The first star Matariki is known as the mother of the eight stars in the constellation. Matariki is connected to health and wellbeing and is often viewed as a sign of good fortune or health to come in the following year. If the cluster and the Matariki star is bright and high in the sky, it is a signal of wellbeing, peace, and good luck for observers.
You can look upon this star to set your intentions of prioritizing your health and wellbeing. This could mean considering joining a gym or taking up mindful practices such as meditation.
The second star is Pōhutukawa, which is connected to the dead and those who have passed away in the past year. Māori belief covers that the spirit leaves the body when a person dies, and then journeys along the pathway of spirits known as Te Ara Wairua. This journey ends at the tip of the North Island at Te Rerenga Wairua where an ancient Pōhutukawa tree stands on a rocky ledge towards the ocean. The spirits then descend the aka (root) of the tree entering the underworld.
You can look upon this star in reflection and remembrance of loved ones who have passed.

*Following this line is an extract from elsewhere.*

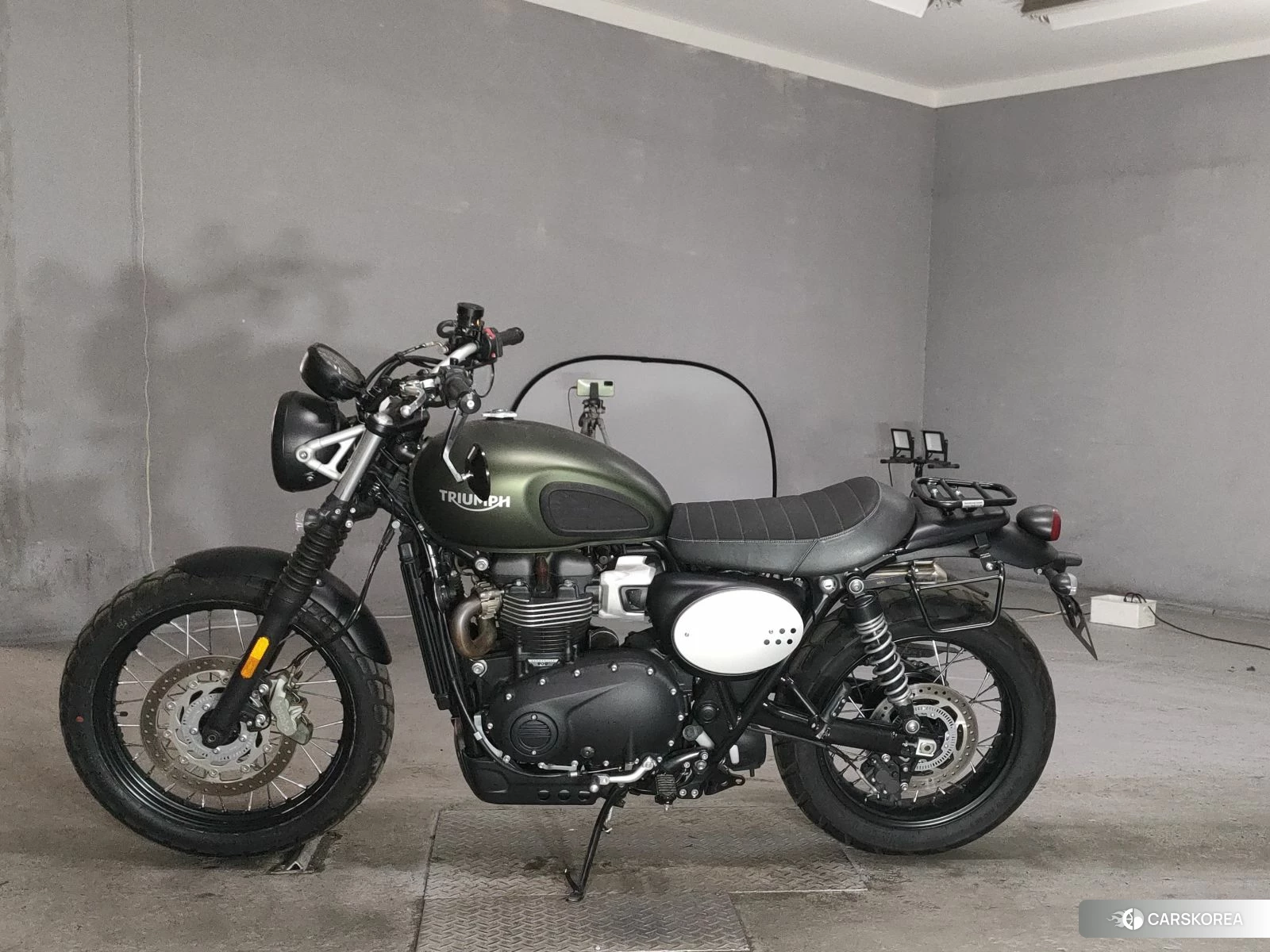 Triumph STREET SCRAMBLER 2023 из Японии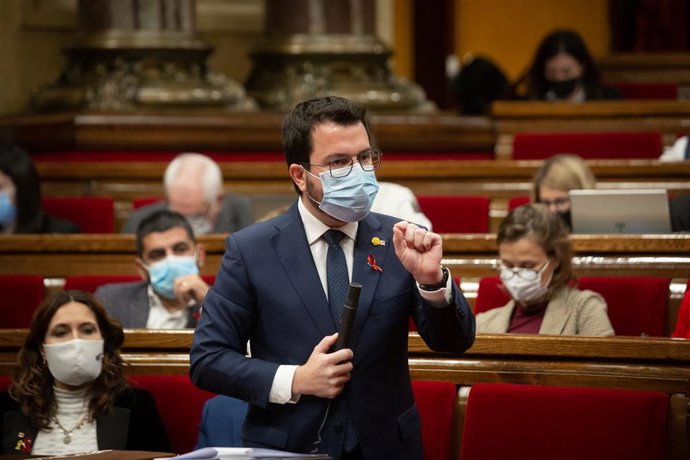 Arxiu - El president de la Generalitat, Pere Aragons, en una sessió al Parlament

The third star is Tupuānuku which is associated with food grown in the ground. This star is looked upon during the month of May to indicate that the summer harvest has ended, and winter is near.
You can look upon this star and set an intention to get out into your vege garden. June is a great time to plant winter vegetables such as spinach, silver beet, lettuce, onions, and peas. Homegrown kai that can be shared with whānau and friends.
The fourth star is Tupuārangi which is associated with food that comes from the sky and is linked to birds. Traditionally kererū were harvested around this time. It is also connected to the harvesting of elevated foods such as berries and fruits.
Look upon this star to find inspiration for your five plus a day. Winter berries and fruits can be harvested around this time. Such as kiwifruit, fejoia, lemons, limes, oranges, mandarins, and passionfruit. Try collecting this fresh kai and sharing with your community, whānau and friends.
The fifth star is Waitī which is connected to fresh water and living creatures in the rivers, streams, and lakes.
You can look upon this star is recognition and appreciation of our fresh waters in Aotearoa. It is a great time to set intentions to help preserve our freshwater ways, such as not wasting water or joining community stream cleaning events.
The sixth star is Waitā (twin of Waitī) which is associated with the ocean and represents food gathered from the sea. This star is also significant for its influences over tides and floodwaters.
You can look upon this star to set intentions of protecting our salt waters and living creatures within. This can involve practicing environmentally sustainable practices such as conserving water, reducing waste and fishing responsibly.
The seventh star is Waipuna-ā-rangi which is connected to the rain. The name itself means "water that pools in the sky".
You can look upon this star in reflection and recognition of how vital fresh rainfall is to life on earth.
The eighth star is Ururangi which is connected to the wind. The name means "the winds of the sky". Traditionally used to forecast the nature of the wind for the year to come.
The final star is hiwa-i-te-rangi which is connected to the promise of a prosperous season. It is also known as the wishing star. Māori traditionally would use this star to set their desires and dreams for the year, commonly known now as New Year’s resolutions.
You can look upon this star to set goals and resolutions for the year to come.
The artwork featured on this page for each Matariki star was created by third-year communication design student Jordan Tane.
Astronomy is historically and culturally significant in Māori culture. Experts studied many astronomical events such as the rising of stars, phases of the moon, movement of planets, constellations, and arrival of comets.
They noted them down, as well as directly relating them to physical and seasonal changes to the whenua (land), moana (ocean) and to the lakes and awa (rivers). Tohunga kōkōrangi (expert astronomers) also used the Matariki stars to guide and navigate crews of waka voyagers across the Pacific Ocean.